Fibre optique : Xavier Niel détaille la stratégie de Free en zones rurales

Fibre optique : Xavier Niel détaille la stratégie de Free en zones rurales

Rendre ses offres fibre disponibles sur l’ensemble du territoire et en particulier dans les territoires ruraux, c’est l’objectif de Free, tout comme celui des autres opérateurs dans le cadre du Plan THD. Après avoir signé des contrats-cadre avec les principaux opérateurs d’infrastructure tels qu’Axione, Covage, Altitude ou encore Orange sur le RIP de la Mayenne, l’opérateur de Xavier Niel s’affaire à présent à trouver des régions, départements et partenaires pour partager le déploiement mais pas à n’importe quelle condition.

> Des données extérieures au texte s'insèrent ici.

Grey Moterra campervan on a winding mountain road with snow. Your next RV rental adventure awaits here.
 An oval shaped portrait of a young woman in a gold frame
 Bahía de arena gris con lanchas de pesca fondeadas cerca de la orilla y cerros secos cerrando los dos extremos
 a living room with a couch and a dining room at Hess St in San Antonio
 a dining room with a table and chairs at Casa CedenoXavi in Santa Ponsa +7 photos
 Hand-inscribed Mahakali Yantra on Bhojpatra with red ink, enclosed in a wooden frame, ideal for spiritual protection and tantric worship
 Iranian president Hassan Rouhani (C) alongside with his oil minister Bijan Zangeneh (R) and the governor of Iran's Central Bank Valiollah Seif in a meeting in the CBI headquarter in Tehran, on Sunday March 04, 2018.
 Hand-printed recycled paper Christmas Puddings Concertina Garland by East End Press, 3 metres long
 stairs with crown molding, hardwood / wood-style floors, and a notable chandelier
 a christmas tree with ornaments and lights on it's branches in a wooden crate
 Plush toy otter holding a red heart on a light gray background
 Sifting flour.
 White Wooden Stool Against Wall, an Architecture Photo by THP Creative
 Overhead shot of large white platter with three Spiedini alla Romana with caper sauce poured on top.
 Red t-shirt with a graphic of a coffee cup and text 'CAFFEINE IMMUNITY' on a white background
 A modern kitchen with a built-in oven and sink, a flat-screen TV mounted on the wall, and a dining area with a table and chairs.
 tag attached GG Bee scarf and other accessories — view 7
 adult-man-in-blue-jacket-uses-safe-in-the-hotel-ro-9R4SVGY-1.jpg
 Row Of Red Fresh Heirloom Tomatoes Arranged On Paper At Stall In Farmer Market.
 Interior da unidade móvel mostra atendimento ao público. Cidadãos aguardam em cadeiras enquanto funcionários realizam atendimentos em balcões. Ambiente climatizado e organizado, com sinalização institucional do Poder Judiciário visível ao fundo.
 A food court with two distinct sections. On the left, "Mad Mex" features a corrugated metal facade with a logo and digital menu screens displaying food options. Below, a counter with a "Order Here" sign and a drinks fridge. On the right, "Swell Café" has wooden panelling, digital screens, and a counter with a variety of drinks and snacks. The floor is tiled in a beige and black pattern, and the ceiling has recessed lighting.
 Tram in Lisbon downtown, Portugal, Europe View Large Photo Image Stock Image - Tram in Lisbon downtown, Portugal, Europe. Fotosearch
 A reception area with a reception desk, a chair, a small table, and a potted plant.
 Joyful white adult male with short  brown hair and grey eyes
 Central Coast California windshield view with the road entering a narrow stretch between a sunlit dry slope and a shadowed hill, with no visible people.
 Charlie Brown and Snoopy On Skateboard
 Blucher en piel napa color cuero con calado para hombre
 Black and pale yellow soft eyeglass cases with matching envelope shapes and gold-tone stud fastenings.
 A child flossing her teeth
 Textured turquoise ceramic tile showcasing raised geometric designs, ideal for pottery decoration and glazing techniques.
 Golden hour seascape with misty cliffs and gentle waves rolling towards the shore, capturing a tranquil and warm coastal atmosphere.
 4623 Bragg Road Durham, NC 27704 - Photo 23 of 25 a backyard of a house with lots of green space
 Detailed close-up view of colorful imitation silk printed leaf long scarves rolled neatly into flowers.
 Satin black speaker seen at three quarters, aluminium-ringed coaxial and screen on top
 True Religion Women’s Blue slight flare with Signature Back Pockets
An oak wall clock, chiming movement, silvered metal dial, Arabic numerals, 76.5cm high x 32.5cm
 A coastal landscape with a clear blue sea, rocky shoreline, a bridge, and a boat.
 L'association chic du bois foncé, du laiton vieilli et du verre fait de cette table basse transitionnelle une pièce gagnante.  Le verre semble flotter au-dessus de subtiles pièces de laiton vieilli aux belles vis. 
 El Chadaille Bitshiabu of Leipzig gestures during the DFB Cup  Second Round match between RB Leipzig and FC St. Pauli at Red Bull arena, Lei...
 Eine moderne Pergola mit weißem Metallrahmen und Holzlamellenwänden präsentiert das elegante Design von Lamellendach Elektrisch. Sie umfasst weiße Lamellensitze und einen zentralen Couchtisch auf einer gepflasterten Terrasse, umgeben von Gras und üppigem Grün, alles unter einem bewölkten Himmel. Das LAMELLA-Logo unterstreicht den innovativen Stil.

Présent hier à la Roche sur Yon pour signer l’arrivée de Free sur le réseau FTTH du RIP de Vendée Numérique, Xavier Niel en a profité pour revenir sur la stratégie de l’opérateur dans les territoires ruraux. Dans les lignes de Ouest France, le trublion a rappelé l’importance du co-financement et co-déploiement pour Free et ce de manière réfléchie, sans trébucher dans des modèles purement financiers. "L’intérêt en Vendée, c’est l’intelligence d’un Département qui déploie un réseau afin que les opérateurs l’utilisent. On ne la retrouve pas dans beaucoup de régions. Le Département nous invite à utiliser le réseau, en amorçant le déploiement. On veut co-investir avec lui. C’est la deuxième fois, en France, que nous avons ce type de discussions saines pour les dépenses publiques" , a déclaré Xavier Niel avant d’ajouter que même si Orange (déployeur) et Free sont les premiers arrivés, le réseau est ouvert à tous les opérateurs car "si nous sommes monopolistiques, j’ai peur que, malgré tout le bien que vous pensez de Free, on finisse par augmenter les prix", a t-il subtilement glissé. 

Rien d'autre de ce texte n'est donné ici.